[Scraped caption text data]
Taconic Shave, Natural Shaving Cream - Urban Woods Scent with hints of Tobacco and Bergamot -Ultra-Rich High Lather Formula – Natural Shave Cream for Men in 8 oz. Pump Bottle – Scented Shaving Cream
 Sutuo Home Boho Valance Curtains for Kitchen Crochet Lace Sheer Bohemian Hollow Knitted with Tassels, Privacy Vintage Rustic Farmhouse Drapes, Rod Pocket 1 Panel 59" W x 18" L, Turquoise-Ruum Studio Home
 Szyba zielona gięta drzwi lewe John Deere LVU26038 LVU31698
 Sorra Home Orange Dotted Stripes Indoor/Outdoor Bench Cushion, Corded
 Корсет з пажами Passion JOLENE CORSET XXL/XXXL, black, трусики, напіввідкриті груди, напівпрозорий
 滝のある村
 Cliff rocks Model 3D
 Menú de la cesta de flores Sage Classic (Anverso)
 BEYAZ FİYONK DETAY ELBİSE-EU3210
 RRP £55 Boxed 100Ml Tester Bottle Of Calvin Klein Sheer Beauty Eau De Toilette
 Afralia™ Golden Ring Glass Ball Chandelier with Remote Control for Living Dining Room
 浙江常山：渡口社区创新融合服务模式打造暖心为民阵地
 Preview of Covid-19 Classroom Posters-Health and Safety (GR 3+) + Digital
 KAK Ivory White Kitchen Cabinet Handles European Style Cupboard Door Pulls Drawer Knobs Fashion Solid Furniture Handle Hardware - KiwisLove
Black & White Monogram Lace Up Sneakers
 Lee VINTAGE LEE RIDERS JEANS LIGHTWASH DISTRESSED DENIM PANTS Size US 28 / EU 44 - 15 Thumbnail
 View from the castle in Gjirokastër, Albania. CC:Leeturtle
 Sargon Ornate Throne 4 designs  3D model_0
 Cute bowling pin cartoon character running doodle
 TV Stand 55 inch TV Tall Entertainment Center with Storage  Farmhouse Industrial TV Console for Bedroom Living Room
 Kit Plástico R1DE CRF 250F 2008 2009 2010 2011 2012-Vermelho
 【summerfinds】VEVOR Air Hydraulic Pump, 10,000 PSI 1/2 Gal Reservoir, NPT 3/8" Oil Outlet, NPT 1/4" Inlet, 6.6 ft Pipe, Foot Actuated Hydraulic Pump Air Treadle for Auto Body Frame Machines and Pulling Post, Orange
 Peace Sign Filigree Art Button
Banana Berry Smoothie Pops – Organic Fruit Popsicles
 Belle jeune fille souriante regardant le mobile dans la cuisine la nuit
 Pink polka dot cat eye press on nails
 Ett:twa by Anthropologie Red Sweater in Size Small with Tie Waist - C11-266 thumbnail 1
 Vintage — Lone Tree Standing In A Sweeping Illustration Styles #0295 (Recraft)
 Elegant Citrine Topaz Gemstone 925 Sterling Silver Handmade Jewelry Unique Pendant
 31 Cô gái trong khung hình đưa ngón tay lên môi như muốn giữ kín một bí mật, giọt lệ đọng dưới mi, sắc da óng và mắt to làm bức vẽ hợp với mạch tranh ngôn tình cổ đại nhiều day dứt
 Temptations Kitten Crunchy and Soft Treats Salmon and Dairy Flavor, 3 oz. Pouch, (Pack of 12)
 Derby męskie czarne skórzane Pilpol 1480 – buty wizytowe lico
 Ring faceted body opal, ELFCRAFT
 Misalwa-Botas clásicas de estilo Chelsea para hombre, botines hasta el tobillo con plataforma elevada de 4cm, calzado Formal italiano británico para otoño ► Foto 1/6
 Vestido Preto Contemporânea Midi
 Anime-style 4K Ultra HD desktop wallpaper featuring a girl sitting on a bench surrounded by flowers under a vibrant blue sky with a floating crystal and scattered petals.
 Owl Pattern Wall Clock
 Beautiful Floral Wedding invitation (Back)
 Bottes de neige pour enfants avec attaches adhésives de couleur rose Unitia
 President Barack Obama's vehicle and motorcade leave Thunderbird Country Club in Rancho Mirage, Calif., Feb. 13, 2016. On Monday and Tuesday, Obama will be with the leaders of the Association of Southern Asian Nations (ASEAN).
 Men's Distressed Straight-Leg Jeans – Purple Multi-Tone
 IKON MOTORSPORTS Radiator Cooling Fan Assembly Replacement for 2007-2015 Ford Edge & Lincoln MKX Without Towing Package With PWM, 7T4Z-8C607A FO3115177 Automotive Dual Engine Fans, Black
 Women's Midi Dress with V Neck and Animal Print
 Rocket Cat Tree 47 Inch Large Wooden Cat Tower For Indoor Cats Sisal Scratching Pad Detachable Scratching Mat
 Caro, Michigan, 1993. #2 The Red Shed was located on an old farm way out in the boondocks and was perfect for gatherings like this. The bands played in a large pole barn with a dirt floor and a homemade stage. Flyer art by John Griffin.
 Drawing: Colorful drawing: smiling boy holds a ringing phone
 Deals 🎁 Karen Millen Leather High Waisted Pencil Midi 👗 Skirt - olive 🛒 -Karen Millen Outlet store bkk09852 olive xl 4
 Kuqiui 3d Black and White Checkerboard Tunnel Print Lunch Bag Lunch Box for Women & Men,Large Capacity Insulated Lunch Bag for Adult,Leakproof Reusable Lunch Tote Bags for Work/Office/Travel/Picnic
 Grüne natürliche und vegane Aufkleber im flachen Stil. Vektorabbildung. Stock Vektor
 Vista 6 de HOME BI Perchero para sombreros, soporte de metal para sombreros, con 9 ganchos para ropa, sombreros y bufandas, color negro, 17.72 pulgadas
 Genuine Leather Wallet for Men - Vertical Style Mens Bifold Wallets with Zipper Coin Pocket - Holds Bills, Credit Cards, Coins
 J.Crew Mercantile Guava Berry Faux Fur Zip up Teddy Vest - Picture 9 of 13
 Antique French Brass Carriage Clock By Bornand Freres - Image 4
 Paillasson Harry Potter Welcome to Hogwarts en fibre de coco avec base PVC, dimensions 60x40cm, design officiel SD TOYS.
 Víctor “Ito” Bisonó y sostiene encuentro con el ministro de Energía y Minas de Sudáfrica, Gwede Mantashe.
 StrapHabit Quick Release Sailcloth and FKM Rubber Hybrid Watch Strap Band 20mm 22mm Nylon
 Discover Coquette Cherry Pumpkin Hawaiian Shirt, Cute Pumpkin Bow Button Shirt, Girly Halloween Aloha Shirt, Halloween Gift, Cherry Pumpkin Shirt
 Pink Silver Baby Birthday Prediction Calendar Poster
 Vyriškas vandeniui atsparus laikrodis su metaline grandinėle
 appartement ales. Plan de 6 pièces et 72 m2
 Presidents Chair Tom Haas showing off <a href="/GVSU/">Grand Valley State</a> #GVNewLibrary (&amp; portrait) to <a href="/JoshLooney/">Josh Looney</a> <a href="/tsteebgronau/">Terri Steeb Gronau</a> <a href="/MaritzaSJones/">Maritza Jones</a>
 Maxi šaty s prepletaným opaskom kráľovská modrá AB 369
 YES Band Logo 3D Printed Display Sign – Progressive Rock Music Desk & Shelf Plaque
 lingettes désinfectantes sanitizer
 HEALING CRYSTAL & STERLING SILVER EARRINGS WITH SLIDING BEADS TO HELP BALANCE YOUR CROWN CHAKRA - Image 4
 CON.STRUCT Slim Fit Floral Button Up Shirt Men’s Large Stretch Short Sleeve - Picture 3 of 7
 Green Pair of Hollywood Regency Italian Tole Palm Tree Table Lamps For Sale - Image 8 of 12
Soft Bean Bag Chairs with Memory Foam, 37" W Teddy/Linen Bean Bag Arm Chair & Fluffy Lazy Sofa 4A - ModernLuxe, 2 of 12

#### Work required
Reprint exactly the lines above that start at the one with "BEYAZ FİYONK DETAY ELBİSE-EU3210" and end at the one with "Pulling Post, Orange", keeping both and adding none.

#### Response to this task
 BEYAZ FİYONK DETAY ELBİSE-EU3210
 RRP £55 Boxed 100Ml Tester Bottle Of Calvin Klein Sheer Beauty Eau De Toilette
 Afralia™ Golden Ring Glass Ball Chandelier with Remote Control for Living Dining Room
 浙江常山：渡口社区创新融合服务模式打造暖心为民阵地
 Preview of Covid-19 Classroom Posters-Health and Safety (GR 3+) + Digital
 KAK Ivory White Kitchen Cabinet Handles European Style Cupboard Door Pulls Drawer Knobs Fashion Solid Furniture Handle Hardware - KiwisLove
Black & White Monogram Lace Up Sneakers
 Lee VINTAGE LEE RIDERS JEANS LIGHTWASH DISTRESSED DENIM PANTS Size US 28 / EU 44 - 15 Thumbnail
 View from the castle in Gjirokastër, Albania. CC:Leeturtle
 Sargon Ornate Throne 4 designs  3D model_0
 Cute bowling pin cartoon character running doodle
 TV Stand 55 inch TV Tall Entertainment Center with Storage  Farmhouse Industrial TV Console for Bedroom Living Room
 Kit Plástico R1DE CRF 250F 2008 2009 2010 2011 2012-Vermelho
 【summerfinds】VEVOR Air Hydraulic Pump, 10,000 PSI 1/2 Gal Reservoir, NPT 3/8" Oil Outlet, NPT 1/4" Inlet, 6.6 ft Pipe, Foot Actuated Hydraulic Pump Air Treadle for Auto Body Frame Machines and Pulling Post, Orange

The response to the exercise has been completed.